*** INFORMATION SHOWN ***

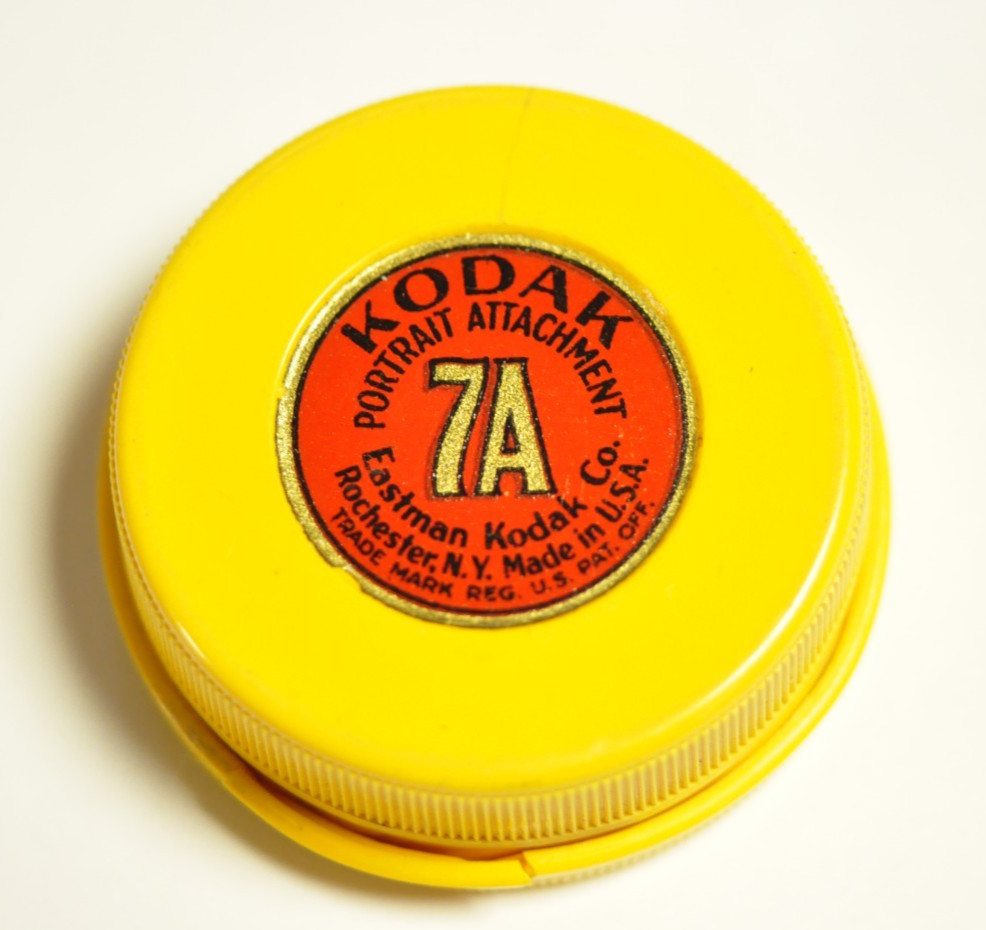 Kodak 7A push on close up lens with case.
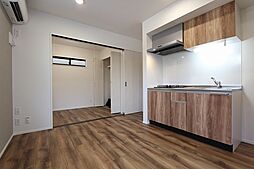 広島電鉄8系統 江波駅 徒歩6分の賃貸アパート 3階1LDKのリビング/ダイニング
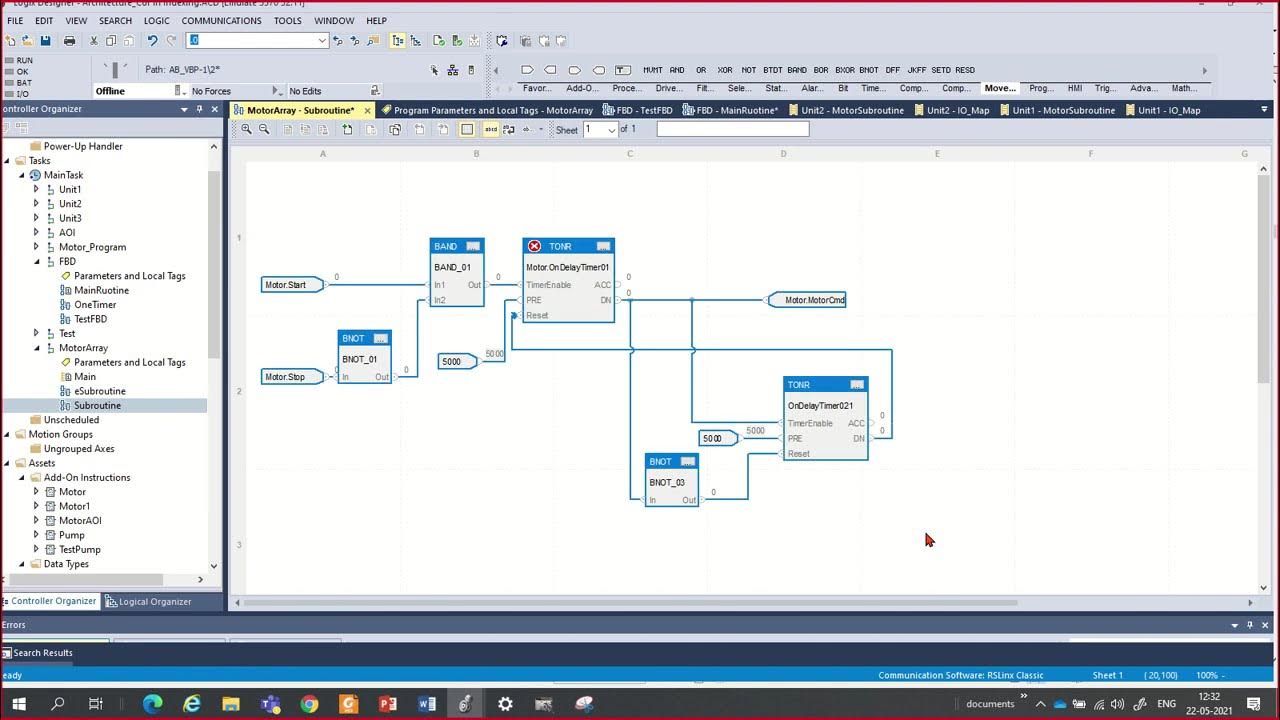 Day6 Part3 Rockwell Studio 5000 training Complete Function Block ...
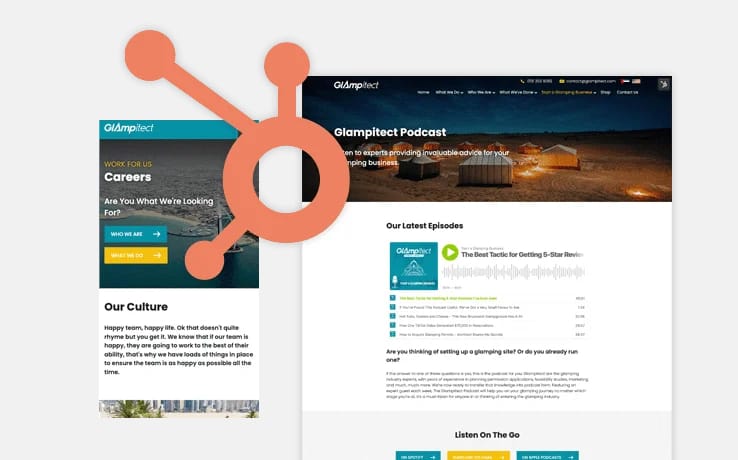 Glampitect website is on Hubspot Glampitect website is on Hubspot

*** End of INFORMATION SHOWN ***

● **EXERCISE AIM**:
The answer must be the whole listing, word for word, with no pictures in it. Please write it out.

● **TASK RESULT**:
 Kodak 7A push on close up lens with case.
 広島電鉄8系統 江波駅 徒歩6分の賃貸アパート 3階1LDKのリビング/ダイニング
 Day6 Part3 Rockwell Studio 5000 training Complete Function Block ...
 Glampitect website is on Hubspot Glampitect website is on Hubspot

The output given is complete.